This is a grant for a three-year project studying Receptor tyrosine (RTK’s) which are proteins that are expressed on the surface of cells and are known to play an important role in cellular differentiation and tumor growth. ROR2 is a RTK which is expressed at high levels in a significant subset of desmoid tumors. It is a receptor for the Wnt family of proteins, proteins that are known to play a role in a pathway in the development of desmoid tumors. They will generate a novel monoclonal antibody against the extracellular part of ROR2 and study its effect on desmoid tumor cell growth in vitro.
This is a three year grant studying the role of hydroxyurea in the treatment of primary and recurrent Desmoid Tumors in adults and children. Hydroxyurea is a generally well tolerated anti-neoplastic agent used in the treatment of myeloproliferative disease, CML and small group of carcinomas. This study builds on the favorable efficacy:toxicity experience in an earlier study in children in which preliminary results showed partial response or stable disease in 79% of patients. This is a non-randomized trial.
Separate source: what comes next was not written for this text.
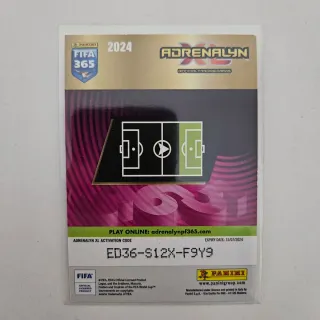 Vini Jr. Adrenalyn XL 365 Edición Limitada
This is the third year of a three-year study. These investigators will be studying three molecular factors believed to be important in desmoid tumors: beta catenin, TCF-3 (a transcription factor) and ER-beta (an estrogen receptor). They are using a three-pronged approach. Aim 1 is the establishment of multiple desmoid tumor cell lines. Aim 2 is the examination of the role of beta catenin, TCF-3 and ERbeta interactions in desmoid proliferation using the cell lines developed in Aim 1. Aim 3 is the identification of desmoid tumor related molecular markers using oligoarrays and tissue microarrays.
This is the third year of a three-year study. A small portion of stem cells in a given tissue give rise to all of the cells that make up that tissue. These cells help regenerate and maintain the tissue over its lifespan. These stem cells have been identified in a variety of tumor types and are called tumor initiating cells (TIC). These investigators will be testing the hypothesis that desmoid tumors contain a subpopulation of TIC and that desmoid tumors are derived from mesenchymal stem cells (MSC) that have a mutation leading to elevated levels of beta catenin, a protein thought to be instrumental in the development of familial adenomatous polyposis along with a mutation in the APC gene. In familial cases, desmoid tumors are associated with an APC mutation. Preliminary data suggest that desmoid tumors may be derived from MSC’s in which beta catenin signaling is misregulated. Dr. Alman and his team currently have 22 desmoid tumor cell lines with which to work. They will be (1) attempting to identify cell lines of TICs in desmoid tumors using established surface markers, and (2) using mice to determine if the tumors arise from misregulated MSC’s. Their goal is to ultimately develop a novel strategy of targeting desmoid tumor initiating cells.